DATASET:
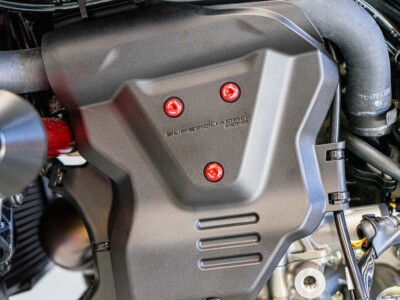 Ducabike Ducati Hypermotard 698 Mono / RVE Left Engine Cover Screws - Red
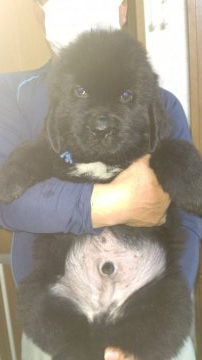 ニューファンドランド【岡山県・男の子・2021年5月30日・ブラック】の写真「お盆特別セール、価格改定しました。」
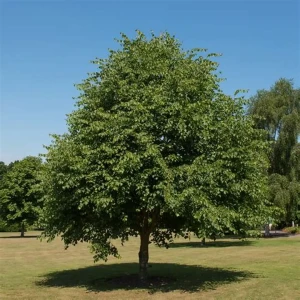 tilia-CORDATA-Lipa drobnolistna-4.jpg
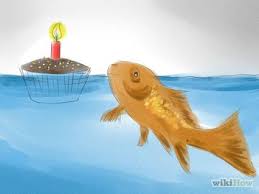 How To Tell If Your Goldfish Is A Male Or Female Goldfish Pet Fish Male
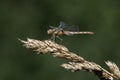 Common Darter dragonfly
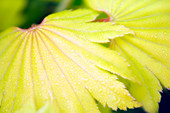 Acer shirasawanum 'Aureum' leaves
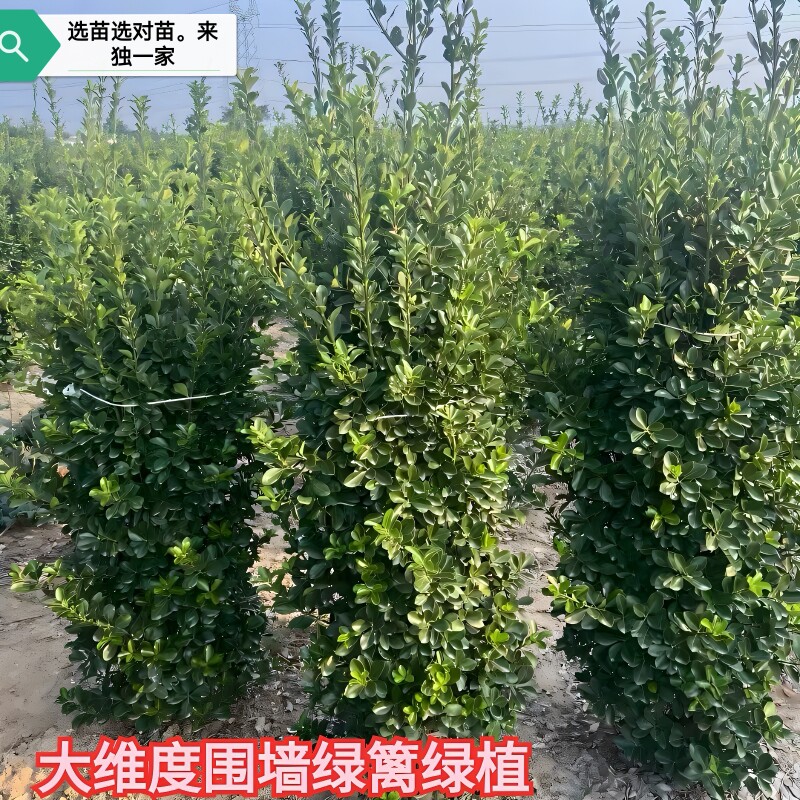 小玉姐精品绿化园林的LOGO
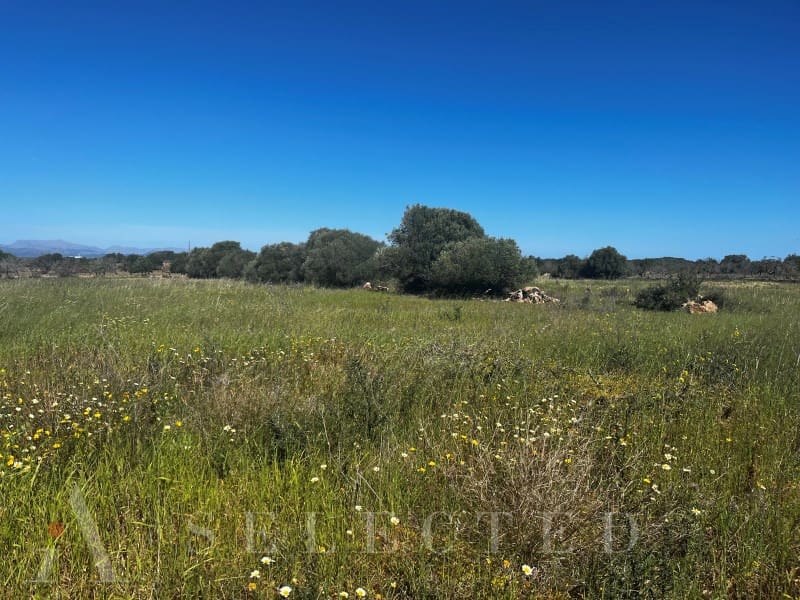 Grunde uden byggetilladelser til salg i Petra - € 480.000 (Ref: 3111721)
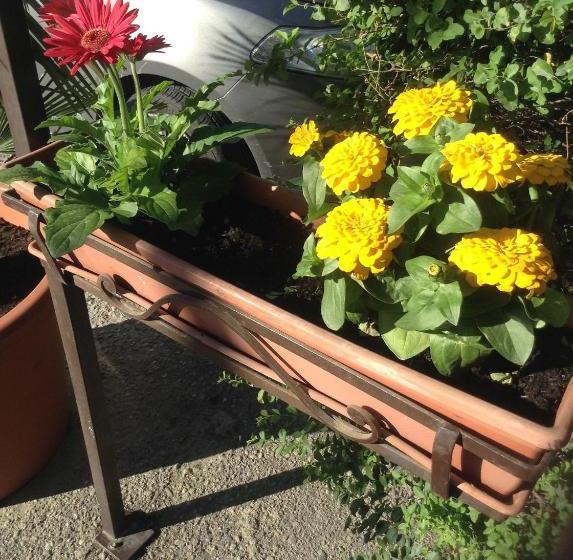 Отель 4 Lampioni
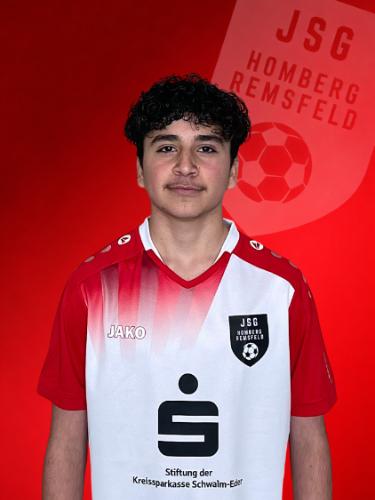 Amr Adl Shamo Al-Dweh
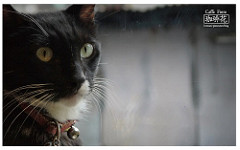 Caffe-Fiore珈琲花-20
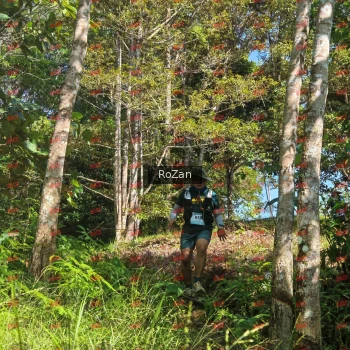 Runner Photo 5249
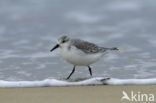 Drieteenstrandloper (Calidris alba)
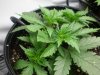 shackleford-r-albums-ls-gws-tent-grow-picture98969-pc210112.jpg
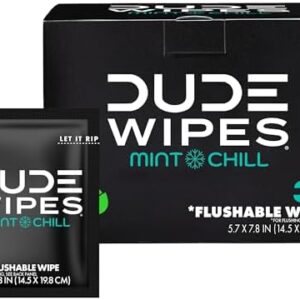 DUDE Wipes - On-The-Go Flushable Wipes - 1 Pack, 30 Wipes - Mint Chill Extra-Large Individually Wrapped Adult Wet Wipes - Eucalyptus & Tea Tree Oil - Septic and Sewer Safe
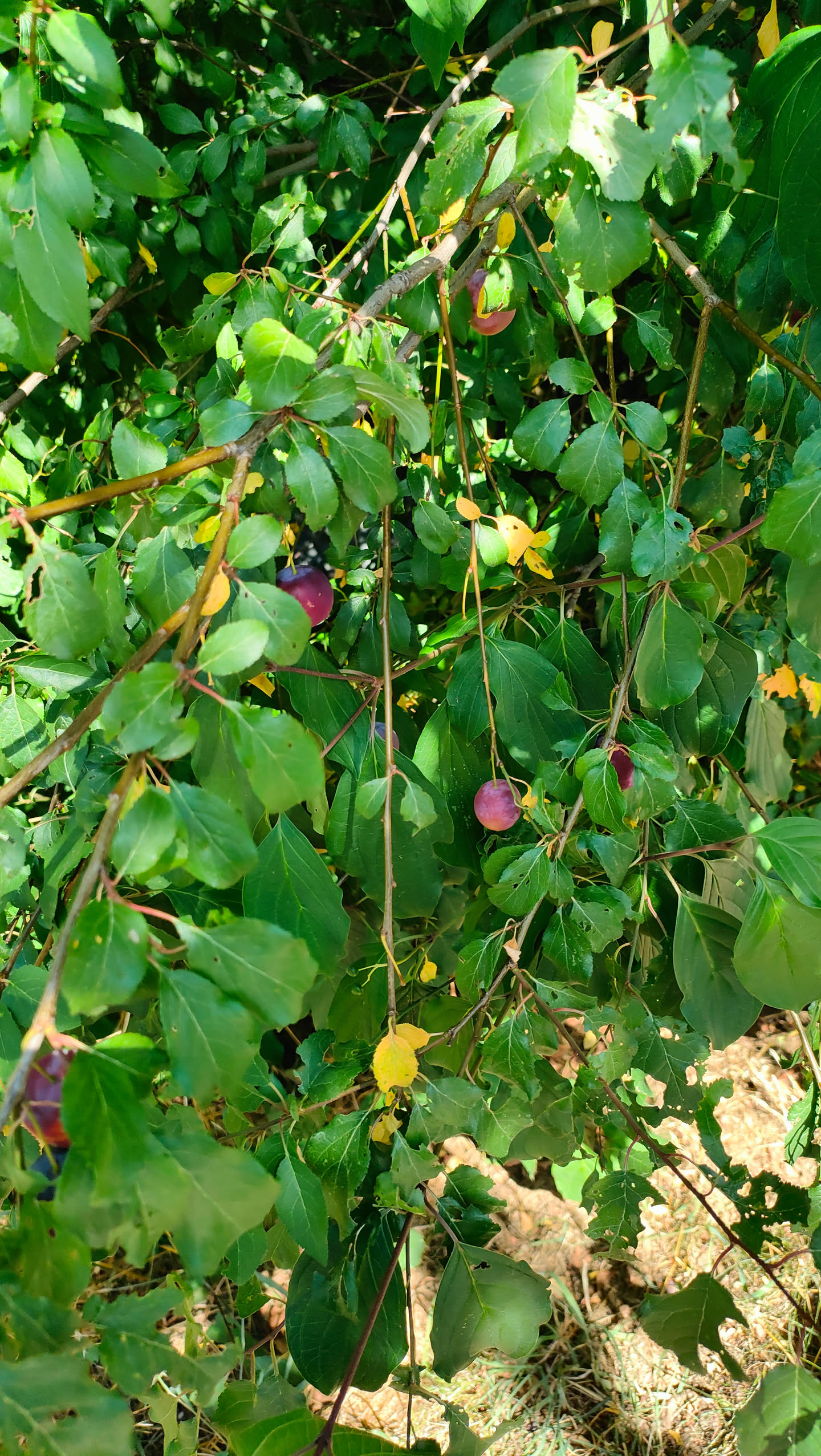 Dunkel gefärbte, schattige Kirschpflaumen zwischen grünen Blättern im Inneren des Baums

WORK REQUEST: Print again, exactly, the lines of the records above from the first line through the line with "小玉姐精品绿化园林的LOGO". No pictures.

WRITTEN RESPONSE:
 Ducabike Ducati Hypermotard 698 Mono / RVE Left Engine Cover Screws - Red
 ニューファンドランド【岡山県・男の子・2021年5月30日・ブラック】の写真「お盆特別セール、価格改定しました。」
 tilia-CORDATA-Lipa drobnolistna-4.jpg
 How To Tell If Your Goldfish Is A Male Or Female Goldfish Pet Fish Male
 Common Darter dragonfly
 Acer shirasawanum 'Aureum' leaves
 小玉姐精品绿化园林的LOGO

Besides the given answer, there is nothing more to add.